Unfortunatly I have to work in a older web application on a PHP4
server; It now needs to parse a lot of XM
L for calling webservices (custom protocol, no SOAP/REST)
;
Under PHP5
I would use SimpleXML
but that isn't available; There is Dom XML
in PHP4
, but it isn't default any more in PHP5
.
What are the other options? I'm looking for a solution that still works on PHP5
once they migrate.
A nice extra would be if the XML
can be validated with a schema.
There is a simpleXML backport avaliable: http://www.ister.org/code/simplexml44/index.html
If you can install that, then that will be the best solution.

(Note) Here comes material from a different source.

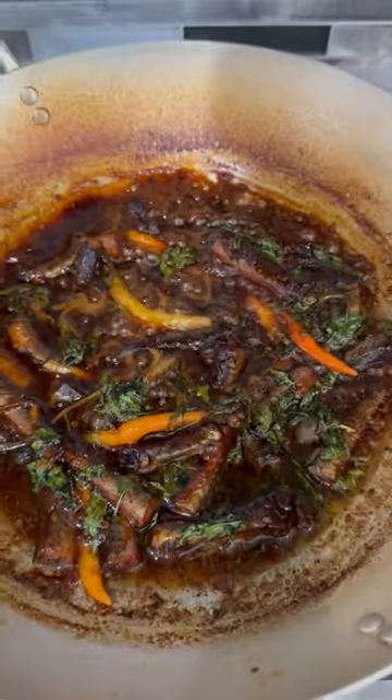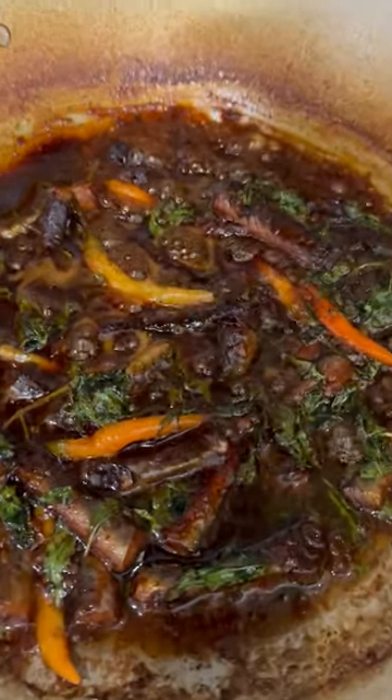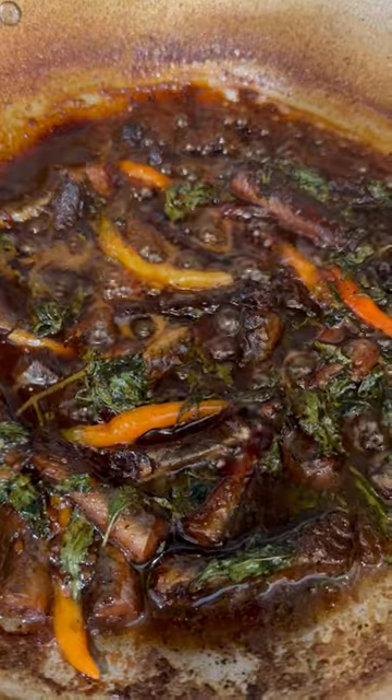As I promised, Gobi fish recipe — cà kèo cao — is ready on my YouTube channel. Go check it out, guys. Braised Gobi fish. It's called cà kèo cao in Vietnamese.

It might be a bit grass roots, but if it's applicable for the data you're working with, you could use XSLT to transform your XML in to something usable. Obviously once you upgrade to PHP5 the XSLT will still work and you can migrate as and when to DOM parsing.
Andrew
I would second Rich Bradshaw's suggestion about the simpleXML backport, but if that's not an option, then xml_parse will do the job in PHP4, and still works after migration to 5.
$xml = ...; // Get your XML data
$xml_parser = xml_parser_create();
// _start_element and _end_element are two functions that determine what
// to do when opening and closing tags are found
xml_set_element_handler($xml_parser, "_start_element", "_end_element");
// How to handle each char (stripping whitespace if needs be, etc
xml_set_character_data_handler($xml_parser, "_character_data");
xml_parse($xml_parser, $xml);
There's a good tutorial here about parsing XML in PHP4 that may be of some use to you.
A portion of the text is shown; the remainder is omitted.